- [AIM OF THE TASK]:
Begin your copy at the line with "15703 Marcello Cir, Naples, FL" in the records below and end it at the line with "Satellite image over", restating each line word for word; omit the pictures.

- [DATA]:
*-*-*

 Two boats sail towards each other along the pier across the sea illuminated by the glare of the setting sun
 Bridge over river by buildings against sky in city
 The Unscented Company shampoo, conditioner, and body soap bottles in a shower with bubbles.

*-*-*

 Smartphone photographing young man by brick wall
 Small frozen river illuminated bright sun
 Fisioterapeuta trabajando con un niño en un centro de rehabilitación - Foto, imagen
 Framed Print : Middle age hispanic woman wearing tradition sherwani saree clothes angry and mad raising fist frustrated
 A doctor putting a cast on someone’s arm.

*-*-*

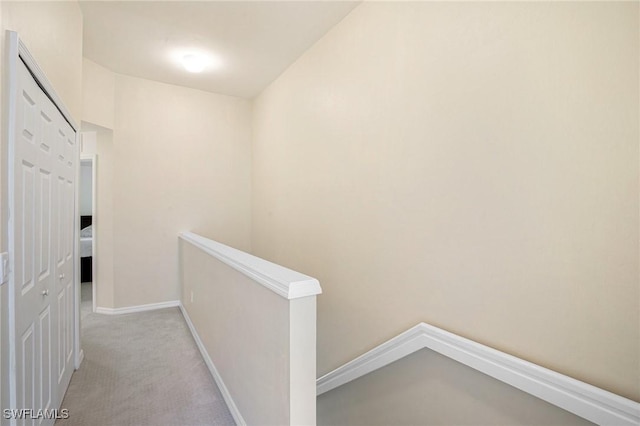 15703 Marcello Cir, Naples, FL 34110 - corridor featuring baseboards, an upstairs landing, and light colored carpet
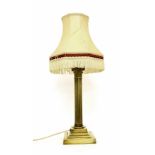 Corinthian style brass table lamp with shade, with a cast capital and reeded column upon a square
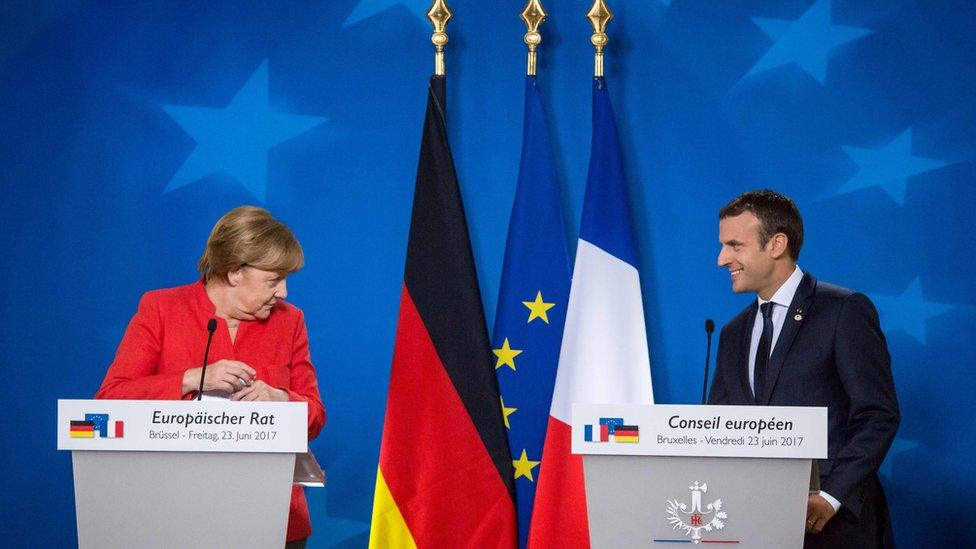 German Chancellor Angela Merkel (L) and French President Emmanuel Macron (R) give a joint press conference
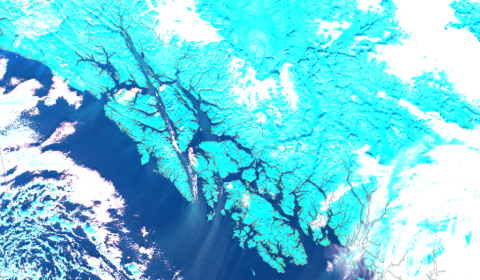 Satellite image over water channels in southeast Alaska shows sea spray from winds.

*-*-*

- [SOLUTION FOR THIS TASK]:
 15703 Marcello Cir, Naples, FL 34110 - corridor featuring baseboards, an upstairs landing, and light colored carpet
 Corinthian style brass table lamp with shade, with a cast capital and reeded column upon a square
 German Chancellor Angela Merkel (L) and French President Emmanuel Macron (R) give a joint press conference
 Satellite image over water channels in southeast Alaska shows sea spray from winds.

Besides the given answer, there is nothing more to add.